If I was to use the coarse adjustment slide, I would first set my knob to zero and then move it. I have never had any issue moving it and putting the pointer perfectly on the line and not being having it seat in the threads ok. What I do is when I release the lever or button to make it slide, I try to move that part of the sight up or down. If it doesn't move, it is seated. If it ever moved or clicked on me, I would use the coarse adjustment slide again until I had it on the line and fully seated.

I remove that part of the sight on my Shib everytime I am done using it on a bow. Before I slide it off, I turn the knob to zero and then slide it off. When I go to put it back on and ready it for use, I slide it up to a numbered line that is closest to the first yardage I shoot. I have had no problems getting it right on the line and not having it seat. You have to pay attention when you eyeball that pointer so it is on the line before releasing the lever, but that is pretty easy if you line it up right. Since the knob was at zero when you took it off, it seats just fine when you put the pointer back on the line.

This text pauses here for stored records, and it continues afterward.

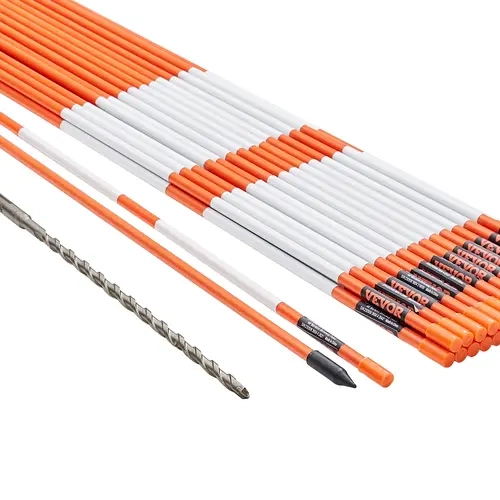 VEVOR Safety Fiberglass Driveway Markers, 30 PCS 48 In 0.31-in Diameter Orange UV-Resistant Outdoor Snow Stakes with Reflective Tape, 12-in Steel Drill Bit for Drilling in Frozen Soil & Gloves, Ideal for Farms and Yards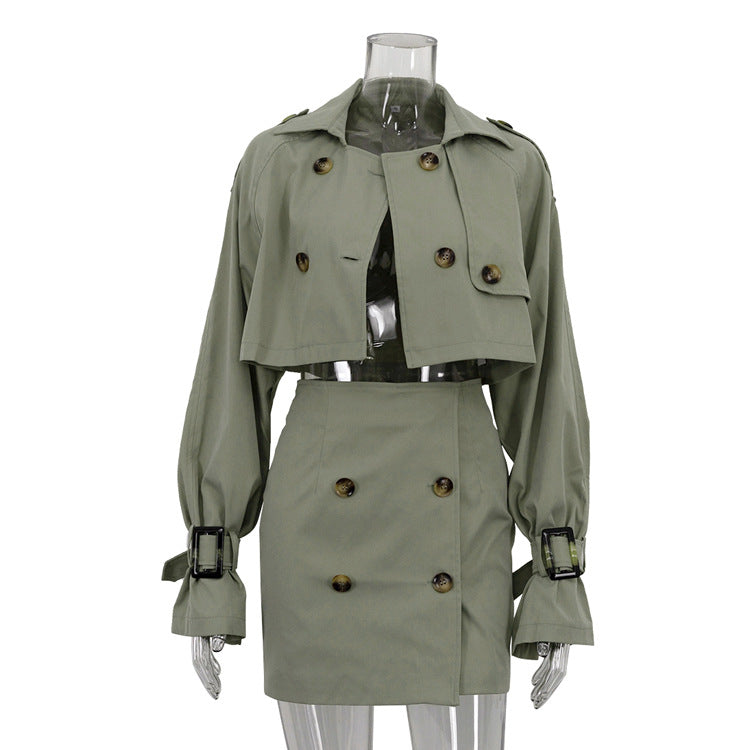 Stylish Women's Casual Short Utility Jacket and Skirt Set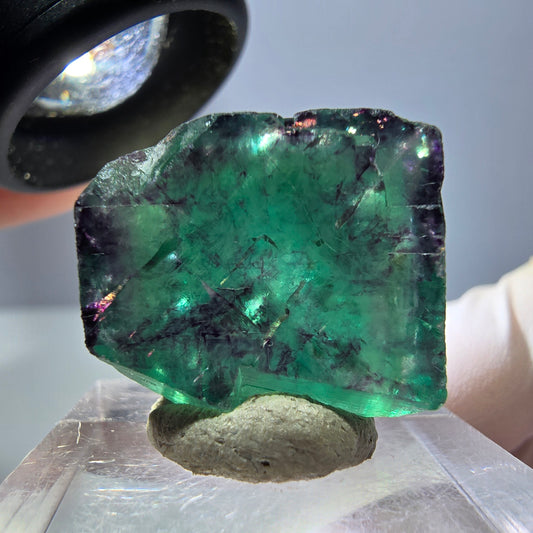 Klarer Phantom Fluorit Würfel, grün lila Okorusu, Namibia 20*19*17mm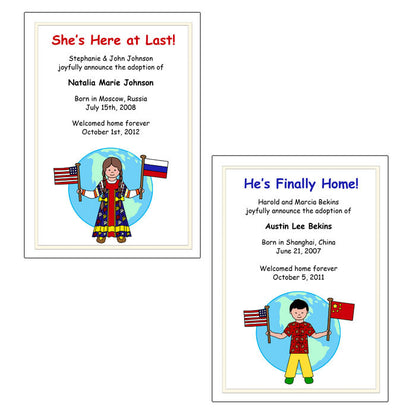 Older Child Adoption Announcement - Kid with Flags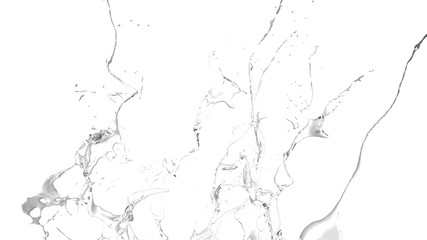 Isolated transparent splash of water splashing on a white backgr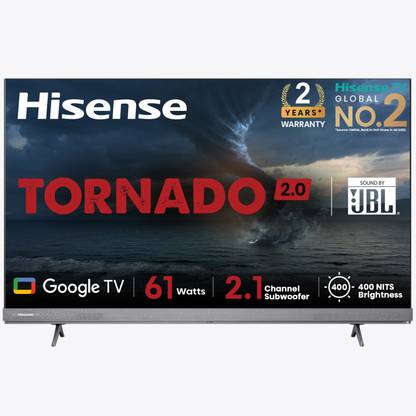 Hisense Tornado 164 cm (65 inch) Ultra HD (4K) LED Smart Google TV 2022 Edition with 25W Subwoofer, Dolby Vision and Atmos  (65A7H) at Rs. 47990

Like I said, I have no issue with the zeroing in part. I turn the knob all the way down to see if it works. If it is off, I can't really tell. One click is about 
.002 of an inch so it could be slightly off. I haven't seen any issues with marks and my arrows hitting the center using my marks. My magic? I use the middle of the scale to set the pointer initially during the zeroing process. I think I use the 5 line or the 4 line. I then turn the knob up the scale and then down to see if the pointer is on a line when the knob is at zero. How's that for some Swami magic?  

If the scale is off by a couple of clicks or just one, you ain't going be able to see a difference at that farther yardage down the scale. Nobody shoots that good and neither does Reylamb (old AT joke). 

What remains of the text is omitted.